(Exercise):
Pictures excluded, set down exactly the lines from the one containing "U-Shaped Modular Sectional" through the final line of the material, and only those.

(Information provided):
☆ ☆ ☆ ☆

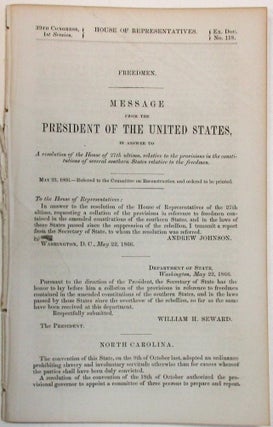 Item #34585 FREEDMEN. MESSAGE FROM THE PRESIDENT OF THE UNITED STATES, IN ANSWER TO A RESOLUTION...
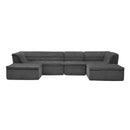U-Shaped Modular Sectional Sofa With Chaise And Movable Ottoman With Wave-Shaped Armrest
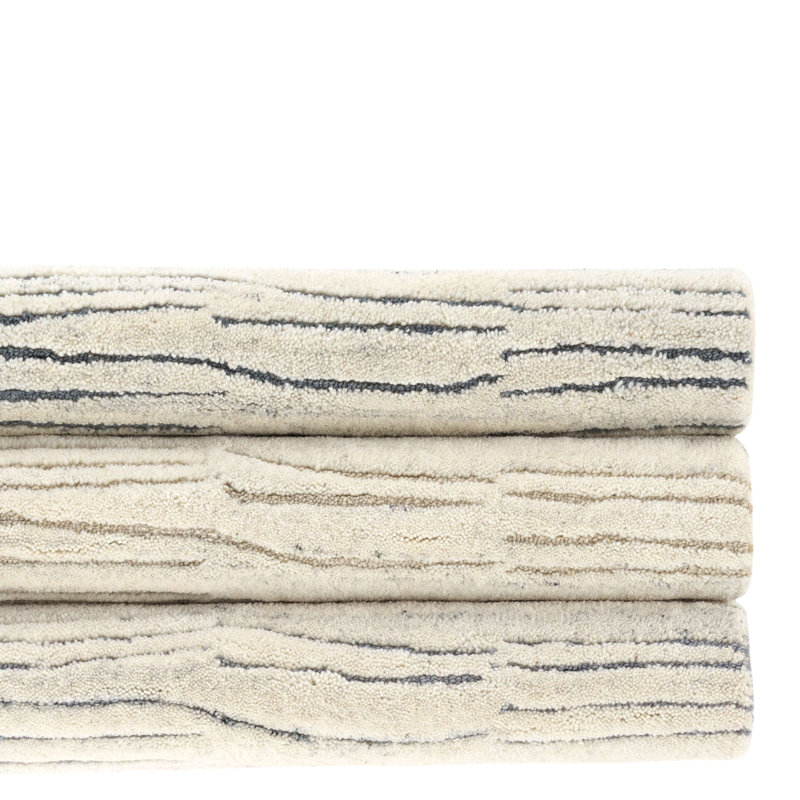 Avery Oatmeal Hand Tufted Wool Rug, Rectangle 5' x 8'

☆ ☆ ☆ ☆

(Written solution):
U-Shaped Modular Sectional Sofa With Chaise And Movable Ottoman With Wave-Shaped Armrest
 Avery Oatmeal Hand Tufted Wool Rug, Rectangle 5' x 8'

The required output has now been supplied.